The companies are evil but it's not what informs my desire to not use social media (much anyway, I post once or twice a year for movie related things). What informs it is the psychology of it. In our deepest moments of suffering, we are most empathetic and as I work through the suffering I have the deepest reflections, ones I often feel compelled to share with others. Something that might be helpful to someone out there, maybe even multiple people. The thought forms and then I begin to imagine sharing it with the world and then I feel a strong signal that social media is not the place for it. At the very least Instagram is not. It's not for thoughtful reflections or substantive discussion. It's for pics and cat videos and "check out what I ate at the picnic" and, generally speaking, "isn't my life great?." I remember back around 2008 my good friend from college going on a Europe trip and posted a Facebook photo album of him climbing mountains and so on and he titled it "Your life sucks". This was the very awful next train stop after "isn't my life great?" and I'm grateful, at least, that he's the only person I know that got off there.

The reality is that the internet is great for reaching many people you know. Theoretically we could all feel tremendous freedom and excitement to express things in a way that feels authentic and healthy and useful and reasonably free of judgment, but the norms that form around the apps are generally not conducive to that. I do know one somewhat older guy in town who does long-form Facebook posts on a regular basis (ranging from reviews of movies or TV to reflections on eras of history to experiences he had walking his dog in Catskill) and these posts keep coming whether they get acknowledgement or not. I love reading them and it is the only reason I go on to Facebook, so I now call Facebook "Kurt's Blog" in my head. So, some are liberated from the norms, but I think most feel pressure to adhere and posting is more calculated than casual.
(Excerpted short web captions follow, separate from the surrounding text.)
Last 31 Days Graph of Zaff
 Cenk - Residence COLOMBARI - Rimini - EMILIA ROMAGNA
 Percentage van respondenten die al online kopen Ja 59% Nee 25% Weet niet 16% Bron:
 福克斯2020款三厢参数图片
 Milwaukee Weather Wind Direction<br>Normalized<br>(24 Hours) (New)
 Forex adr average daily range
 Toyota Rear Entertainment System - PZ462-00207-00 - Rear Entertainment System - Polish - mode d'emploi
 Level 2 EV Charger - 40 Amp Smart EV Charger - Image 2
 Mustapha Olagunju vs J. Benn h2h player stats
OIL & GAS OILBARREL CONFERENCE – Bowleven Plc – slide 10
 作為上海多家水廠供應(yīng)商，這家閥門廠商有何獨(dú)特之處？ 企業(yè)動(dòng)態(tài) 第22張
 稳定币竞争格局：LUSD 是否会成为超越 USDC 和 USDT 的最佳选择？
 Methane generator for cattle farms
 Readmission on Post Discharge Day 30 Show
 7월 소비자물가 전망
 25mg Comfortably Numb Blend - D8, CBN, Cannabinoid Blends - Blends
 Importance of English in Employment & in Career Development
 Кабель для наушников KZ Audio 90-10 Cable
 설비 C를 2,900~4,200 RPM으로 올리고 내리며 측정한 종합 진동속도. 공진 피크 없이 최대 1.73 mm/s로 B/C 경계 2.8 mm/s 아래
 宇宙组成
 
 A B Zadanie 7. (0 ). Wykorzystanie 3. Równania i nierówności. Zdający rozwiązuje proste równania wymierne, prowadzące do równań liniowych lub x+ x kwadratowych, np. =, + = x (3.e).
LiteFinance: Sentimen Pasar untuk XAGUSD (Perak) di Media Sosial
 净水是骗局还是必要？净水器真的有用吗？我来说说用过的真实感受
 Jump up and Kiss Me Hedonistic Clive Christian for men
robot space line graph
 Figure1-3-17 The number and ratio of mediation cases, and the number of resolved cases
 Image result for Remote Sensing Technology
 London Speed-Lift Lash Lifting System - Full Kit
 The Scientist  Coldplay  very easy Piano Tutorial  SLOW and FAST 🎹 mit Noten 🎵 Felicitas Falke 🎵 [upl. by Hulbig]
Instagram is kind of like TV where every channel is your friend. Whereas I think what I want is more akin to a really good letter from a friend every once in a while (and of course good time spend together in person). In other words, ideas, not snapshots. Which is why I think the substack thing is great. I am curious how the experience feels for someone like yourself who is, of course, used to the dopamine of a quick post and flood of likes.

As someone who has been much more of a lurker than a poster, I am happy that now when I mindlessly open instagram on my computer, I see the page and just close it because I don't care and it's not what I want. I've been reading books for the first time in years and have been writing some stories. I think that the less I engage with the internet outside of the work I need to do on it, the more space there is for ideas to spark and ideas to grow. When there is room enough to get a little bored, there is room for something unexpected to come in. I suspect for most of us that the best model is, simply, do your own thing and every now and again share something meaningful (as opposed to share often and have that sharing be built into the rhythm of your life).

More to say but out of time. I will say it is much easier to post a cat pic than to write this long reply to you, but it feels much more meaningful. Thanks for writing and I will keep tuning in.